Solved: Re: Proc compare function?

Mairam2345 · Posted 04-30-2018 11:45 AM

Hello all,

I have a transaction data set with two different columns. One is Customer_ID and the other ist Good_ID. What I would like to do is a comparison of those two attributes group by every single customer.

For example:

Cust_ID = 1 and Good_ID = 1

Cust_ID = 1 and Good_ID = 2

Cust_ID = 2 and Good_ID = 3

Cust_ID = 2 and Good_ID = 4

I want to create a comparison for every single customer where each Good_ID is compare to other Good_ID's of the Customer

While searching for a solution I find the compare function in SAS. Is the compare function in this case applicable?

Thanks and regards,

Mariam

TomKari · Posted 05-03-2018 03:38 PM

Here's what I hope will work for you.

The first step is the query that I described in my first post. getting the count by region and product. Let's say the result dataset is named "Have1", and the count field is named "Count_Field".
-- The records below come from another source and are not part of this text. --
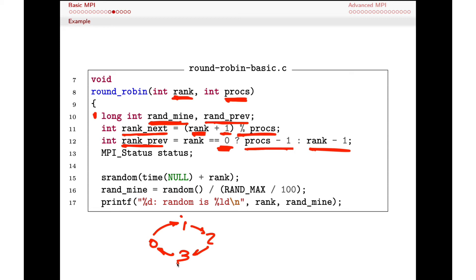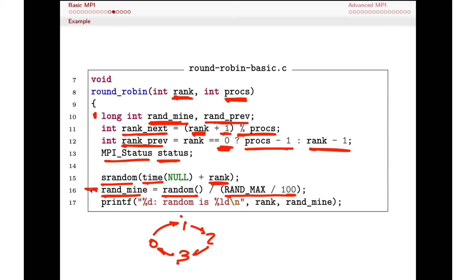We define an MPI_Status structure to track status on MPI_Recv calls. Then we generate a random number, seeding the random number generator with the current time plus my rank to make it more random. We calculate the random value as rand() divided by RAND_MAX divided by 100 to keep it in a reasonable range. Then we print the rank and the random value, so we can see for each processor what random value they are using and watch those values rotate around the ring.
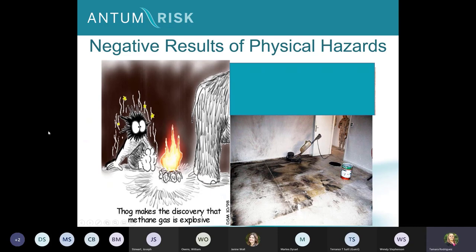Just a little humor: Thog makes the discovery that methane gas is explosive — you'll notice the back end of a woolly mammoth with fire. And on the bottom right, a floor stripper plus static electricity equaled a boom. I find it humorous that military personnel — normally experts in things that go boom — had this small issue, so long as no one was injured, of course.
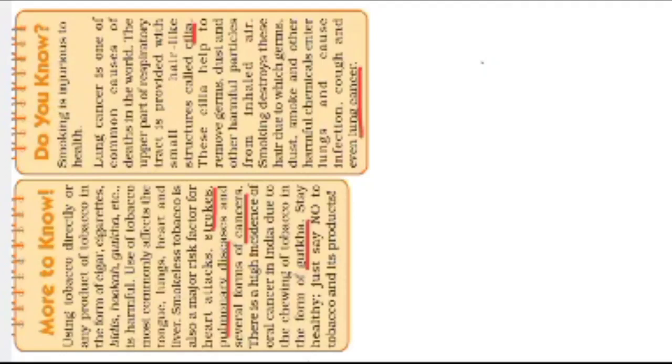Smokeless tobacco is also a major risk factor for heart attacks. If you use tobacco and cigarettes, what can happen? Heart attacks. The disease is called heart attacks.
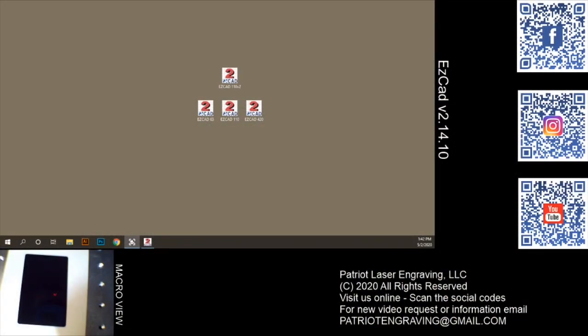Hey everybody, Dave with Patriot Laser Engraving here. Today I want to talk about customizing the EasyCAD software.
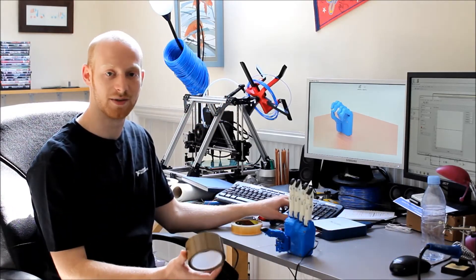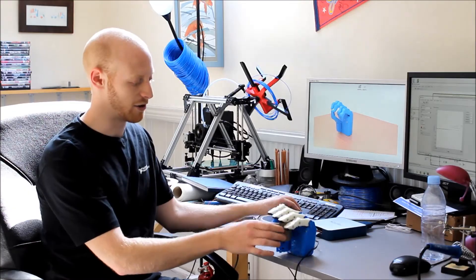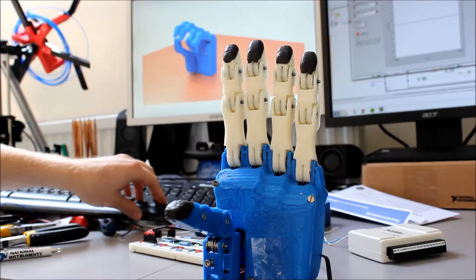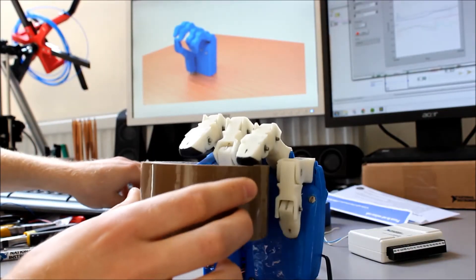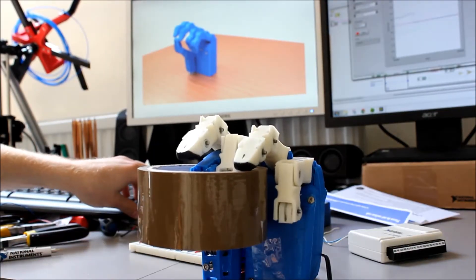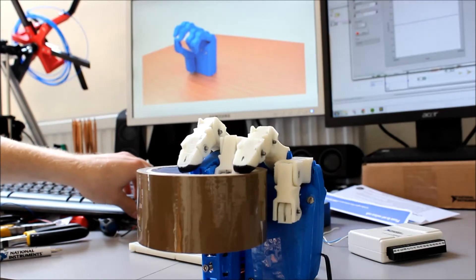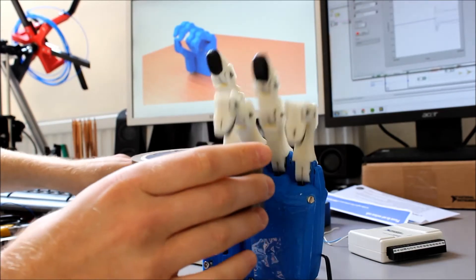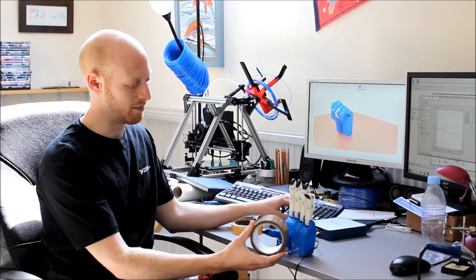So we can see it grabbing a few different types of objects here and how the grip can handle all sorts of different shapes. So if it's something like this roll of tape, then it'll get in between the gaps and grasp it firmly.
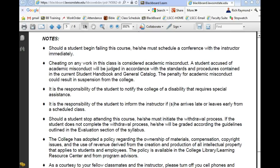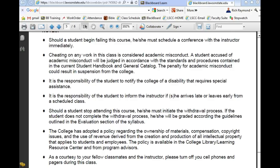Two students came in on the day of the final exam wanting to know if there was any extra work they could do to pass the class — on the day of the final exam. I can't make special considerations for a person who has failed. I could make extra points available, but I'd have to make it available to the whole class. If you think you're having problems, don't wait until the end of the semester when I can't do anything.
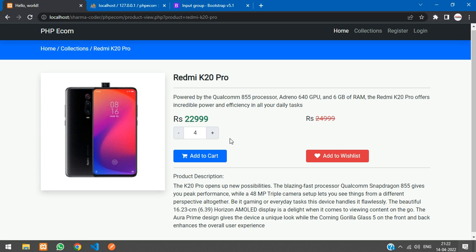So that's it in this video guys. We have seen how to make the product quantity increment and decrement. In the next video we will see how to make the add to cart and design the cart table. Thank you for watching this video guys. Please like the video and subscribe to the channel. Thank you.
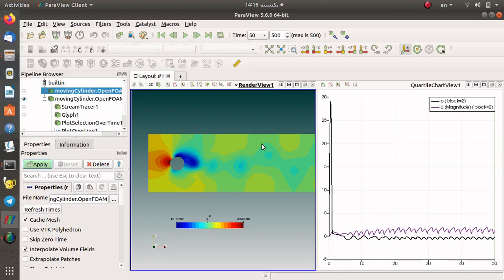Hello and welcome to the second part of the PowerView tutorial. In the second part you will learn how to plot line and prop data at a specific location, or extract data in a transient simulation.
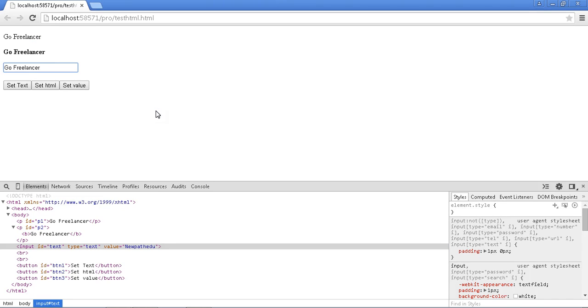Let me flip to the studio. I will show you how to set the text, how to set the HTML, and how to set a value for the input type text, which means textbox. Let me flip.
Now create a query based on Have1, and pull region into the "Select Data" columns, then pull it in a second time. On the second column, again, set the Summary to "count", and the summary groups box should show that you're summarizing on region. Let's say the result dataset is named "Have2", and the count field is "Count_Field1". Next, on the Filter tab, drag the "computed column", which is your Count_Field1, to the "Filter the summarized data" area, and set the filter to select cases "Greater than" and 1. This will identify the region values that have more than one value of product.

Now a third query, on Have2. Add a table, your orignal dataset. Click the "Join Tables" button, and change the join from an inner join to a left or right join, whichever your original dataset is (so if it's on the right, make it a right join).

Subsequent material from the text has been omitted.